Aller au contenu

7 JUIN 2017
ÉGYPTE

« J’aimerais tant que cette interdiction injuste soit levée ! »

Ehab Samir, 52 ans, est un Témoin de Jéhovah égyptien. En raison des restrictions que le gouvernement a imposées à leur culte en Égypte, la plupart des Témoins de ce pays sont traités par les autorités « comme des criminels », explique M. Samir. C’est pourquoi il a trouvé réconfortant de lire sur Internet un article présentant les choses telles qu’elles sont.

L’article, intitulé « Le professeur Riham Atef écrit : les Témoins de Jéhovah », a été publié le 19 août 2016 par la revue en ligne égyptienne Shabab Misr. Le professeur Atef, maître de conférences à l’université du Caire et journaliste, dénonçait l’incompréhension dont font l’objet les Témoins de Jéhovah en Égypte. Elle connaît personnellement quelques Témoins de Jéhovah et s’est beaucoup renseignée à leur sujet. Elle affirmait : « Je suis convaincue de leur humanité et de leur respect des croyances des autres. »

« Ils encouragent à l’amour et à la paix »

Le professeur Atef disait s’adresser à « ceux qui ne connaissent pas du tout les Témoins de Jéhovah et à ceux qui en sont venus à les détester à cause d’informations inexactes qu’ils ont reçues ». Son article résumait certaines des principales croyances des Témoins et précisait « qu’on peut trouver de nombreux renseignements sur leur site Internet, www.jw.org ».

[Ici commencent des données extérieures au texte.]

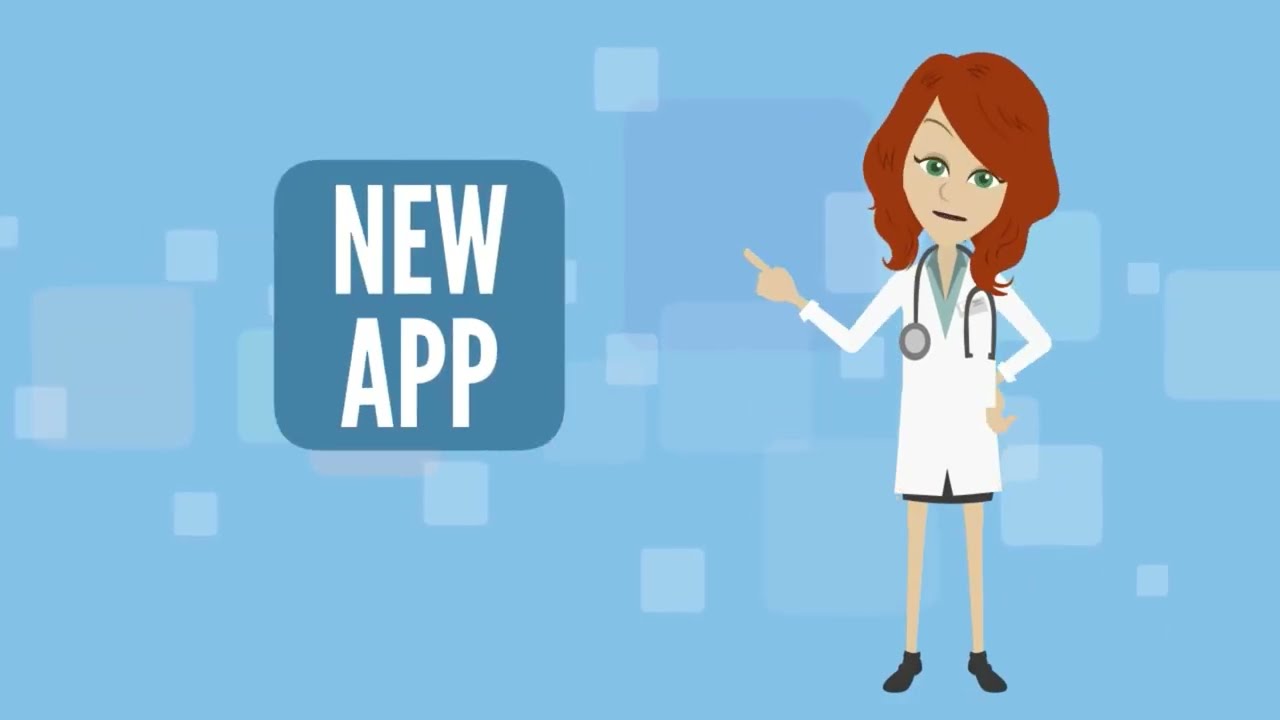 Let's Talk About Mobile Screen Capture Video in E-Learning!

Le professeur Atef constatait qu’il y a une grosse différence entre la façon dont beaucoup considèrent les Témoins en Égypte et ce qu’elle a pu observer objectivement chez eux. Elle faisait remarquer : « Ils sont interdits, et je n’en comprends pas la raison. Ils sont politiquement neutres. [...] Ils encouragent à l’amour et à la paix. » Puis elle faisait raisonner ainsi ses lecteurs : « Y a-t-il des raisons de les interdire ? Ou sont-ils interdits parce que leurs enseignements bibliques sont différents des enseignements de l’Église ? »

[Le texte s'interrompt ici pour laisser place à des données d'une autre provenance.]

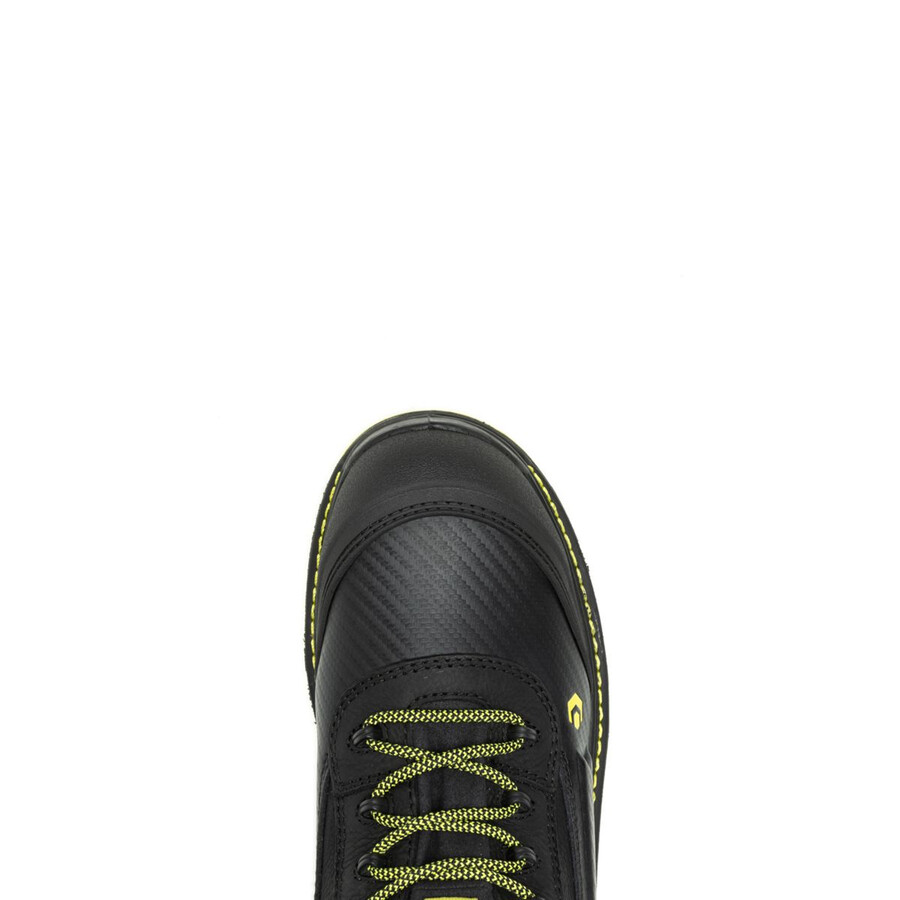 viaduc carbonmax 6 boot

« J’aimerais tant que cette interdiction soit levée ! »

M. Samir a tellement aimé l’article sur les Témoins qu’il s’est senti poussé à écrire une lettre de remerciement au rédacteur en chef. Il disait : « J’ai lu beaucoup d’articles dans les médias [d’Égypte] sur les Témoins de Jéhovah, mais peu d’articles parlaient d’eux en bien. C’est pourquoi je félicite le professeur Riham Atef pour son courage et son honnêteté. » La revue en ligne a publié la réponse de M. Samir le 11 décembre 2016.

Dans sa lettre, M. Samir se disait déçu par les traitements injustes que subissent les Témoins et mettait en cause les mensonges propagés par des ecclésiastiques. M. Samir affirmait que ces mensonges sont à l’origine de mauvais traitements qu’il a lui-même subis. Il observait ensuite : « Le mieux pour connaître quelqu’un, c’est de lui parler directement. C’est pourquoi j’aimerais remercier le professeur Riham Atef pour ce qu’elle a écrit. »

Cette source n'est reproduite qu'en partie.